In this problem set, you will be using the ggplot2 package (part of tidyverse) to practice (1) time series and (2) visualizing uncertainty. As with PS2, you’re encouraged to use your own data, so instructions here will be somewhat vague. To make it a little easier on yourself, I suggest using the same model object you used for Part 2 in PS2 for Part 2 in PS3 (visualizing uncertainty).

In Part 1, you’ll visualize time series at least two ways. In Part 2, you’ll run and visualize some sort of association or series of associations using best practices in visualizing uncertainty.

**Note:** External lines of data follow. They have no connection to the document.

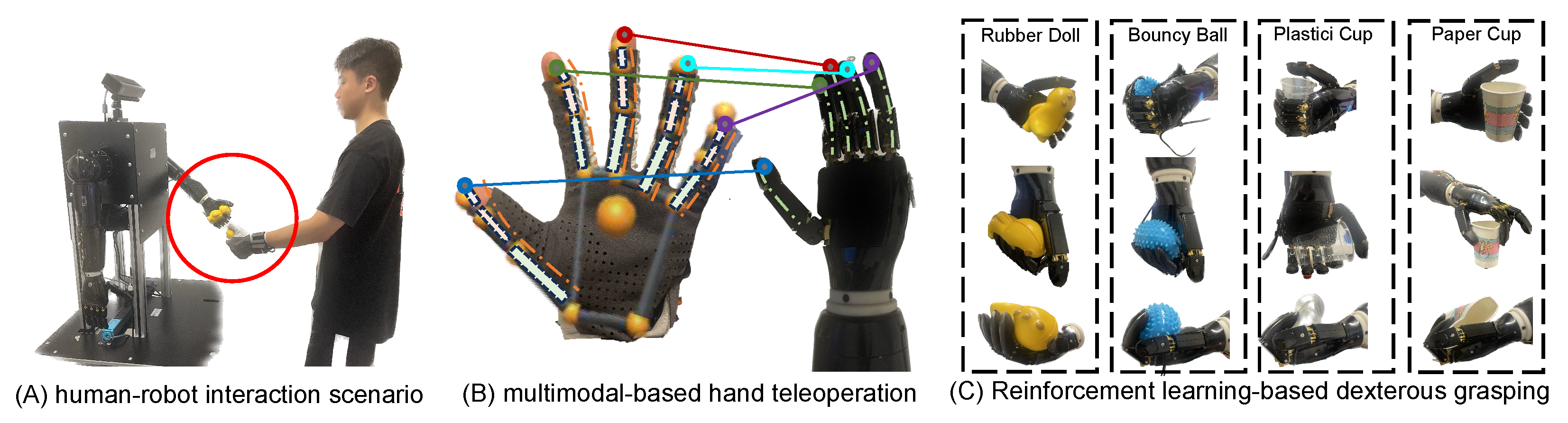 Human-like Dexterous Grasping Through Reinforcement Learning and ...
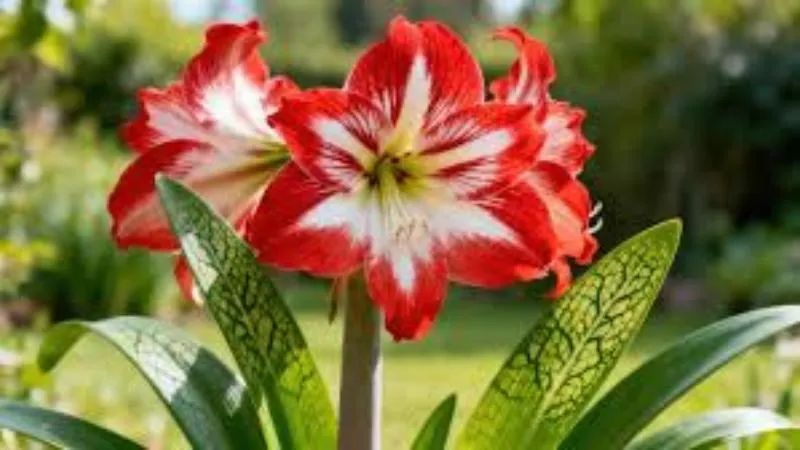 Natural garden Amaryllis blooms growing among green foliage.
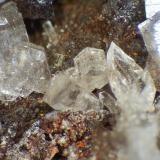 CaracolitaMina San Francisco (Mina Beatrix), Caracoles, Distrito Sierra Gorda, Provincia Tocopilla, Región Antofagasta, ChileCampo de visión 4 mm. (Autor: Antonio P. López)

If you don’t have your own data, we’ll use the data we used in class.

Code
load(url("https://github.com/emoriebeck/psc290-data-viz-2022/blob/main/05-week5-time-series/01-data/gsoep.RData?raw=true"))
gsoep <- gsoep %>% mutate(gender = haven::zap_labels(gender)) %>% filter(gender >= 0)
gsoep
Code
ps3_df <- gsoep %>%
  select(SID, age, gender, satHealth) %>%
  group_by(SID) %>%
  mutate(marital = names(sort(table(gender), decreasing = T)[1])) %>%
  ungroup() %>%
  mutate(
    gender = factor(marital, 1:2, c("Male", "Female"))
    , age = age/10
    ) %>%
  drop_na()

ps3_df <- ps3_df %>%
  group_by(SID) %>%
  filter(n() > 5) %>%
  ungroup()
ps3_df

Part 1: Visualizing Proportions

In class, we discussed the following plots:

  • Univariate time series
    • Basic Descriptives
    • Area plots
  • Multivariate time series
    • Small multiples
    • Multiple variables
    • Multiple people
  • Smoothed Time Series
    • geom_smooth()
    • Model predictions
  • Slopegraphs

Question 1: Univariate Time Series

First, we’ll visualize a single time series. For this, it doesn’t matter if you have long-term longitudinal data or intensive longitudinal data – all of these data sources are relevant.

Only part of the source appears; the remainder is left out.